Sí señor, es rockero, y hay más sorpresas todavía. Se sabe que una comedia romántica tiene tres pasos: la gente se encuentra, se desencuentra y se reencuentra. Y ésta los cumple, pero con variantes y agregados. Por ejemplo, ¿cuántas comedias románticas conoce el lector, donde el enamorado sea dueño de una financiera? ¿y cuántas donde alguien elogie con buenos argumentos el trabajo al frente de una financiera? Aun así, nuestro héroe es medio vergonzoso, dice dedicarse a otras actividades, y por ahí viene uno de sus problemas: él siempre dice una «verdad alternativa». Lo que le viene bárbaro para jugar al poker.

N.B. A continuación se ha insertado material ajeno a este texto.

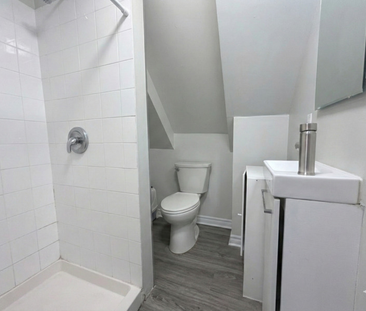 $1,199 / 1 br / 1 ba / 99 Mary St unit 3 - Photo 1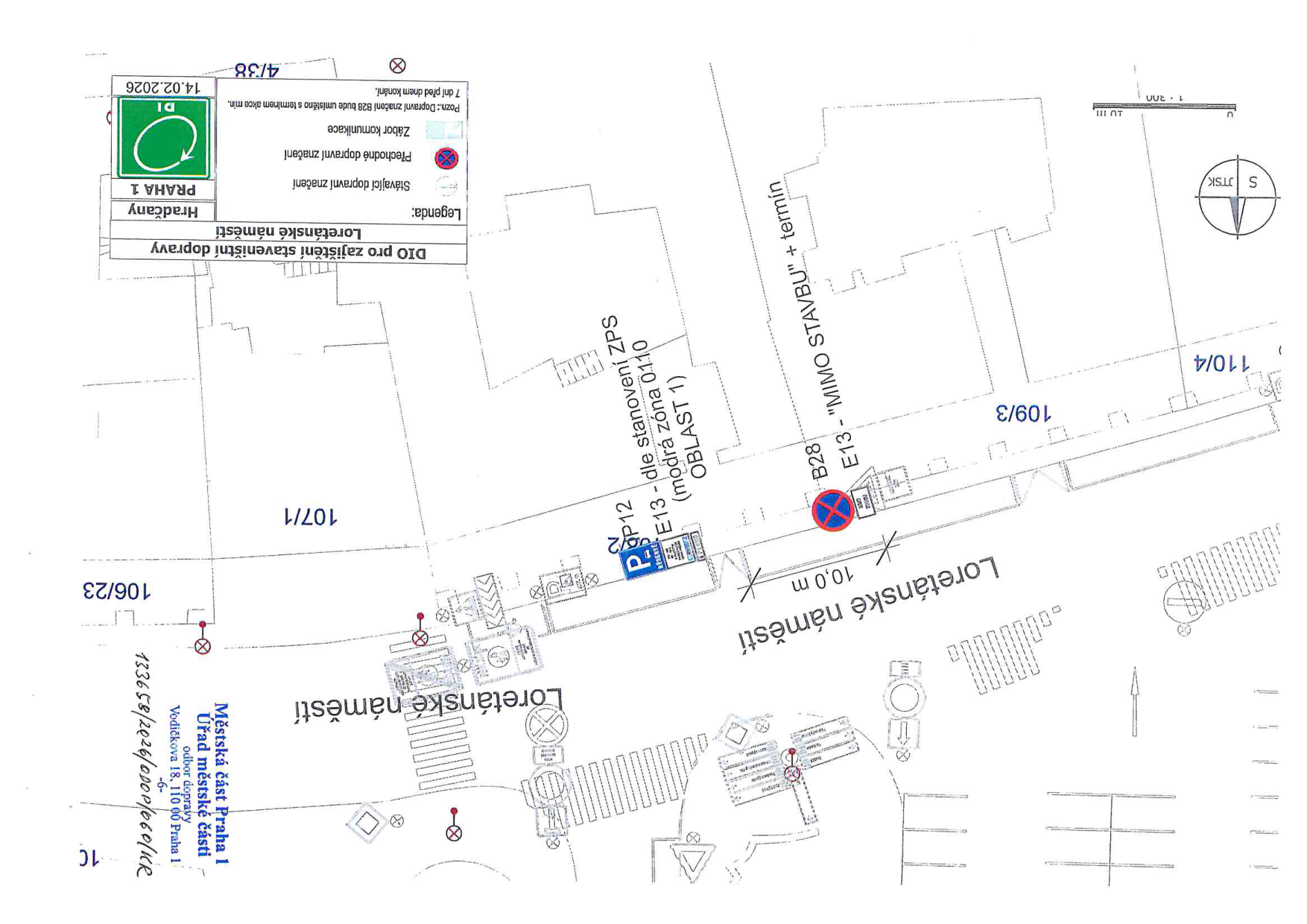 Dopravně inženýrské opatření (DIO) pro zábor komunikace na Loretánském náměstí v Praze.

En sintesis, ésta es la curiosa aventura de un tipo del Once que encuentra en Rosario un viejo amor de adolescencia, un contacto indirecto con el mundo musical que soñó de chico, y un contacto directo con una mesa de poker, porque hasta ese momento sólo es un hábil jugador online. A su vez, el viejo amor encuentra, por ejemplo, el legado de su padre, la ocasión de ponerle límites a la madre y patear al novio pelmazo, el regreso al hogar, y el reintento con aquel noviecito de adolescencia al que le siguen gustando los albergues transitorios, las verdades transitorias, y escabullir el bulto.

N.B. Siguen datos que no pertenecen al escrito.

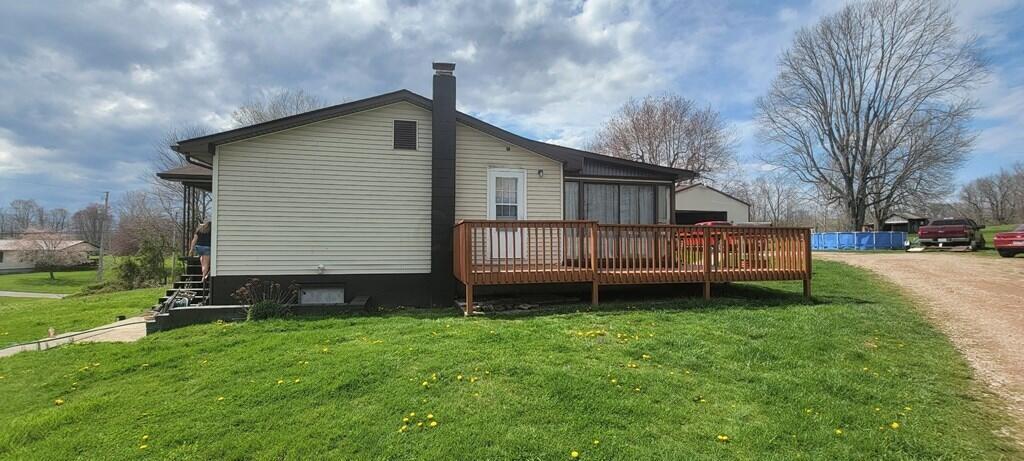 8224 Bull Run Road Vinton, OH 45686 - Photo 3 of 32 Side with Deck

Agil el comienzo, con el cliente que hace un singular elogio de los albergues. Entretenido el resto, con simpático elenco. A toda máquina el final, con la Trova Rosarina que también se reencuentra y de paso participa de la enésima mentira de nuestro héroe, pero al fin y al cabo una mentirita blanca, de esas que ayudan al amor. Se pasa el rato, se disfruta, hasta hay un par de diálogos reveladores como el del rabino con el financiero. No tiene la emoción de «Dos hermanos», ni la abierta reflexión moral de «Derecho de familia» (donde también había un héroe macaneador), pero no desmerece. Como tampoco desmerecen los debutantes Jorge Drexler, Gabriel Schultz y los niños Luciano Pizzichini y Paloma Alvarez Maldonado, frente a las estrellas ya consagradas Valeria Bertuccelli, Norma Aleandro y Luis Brandoni. Mano del director, ya se sabe.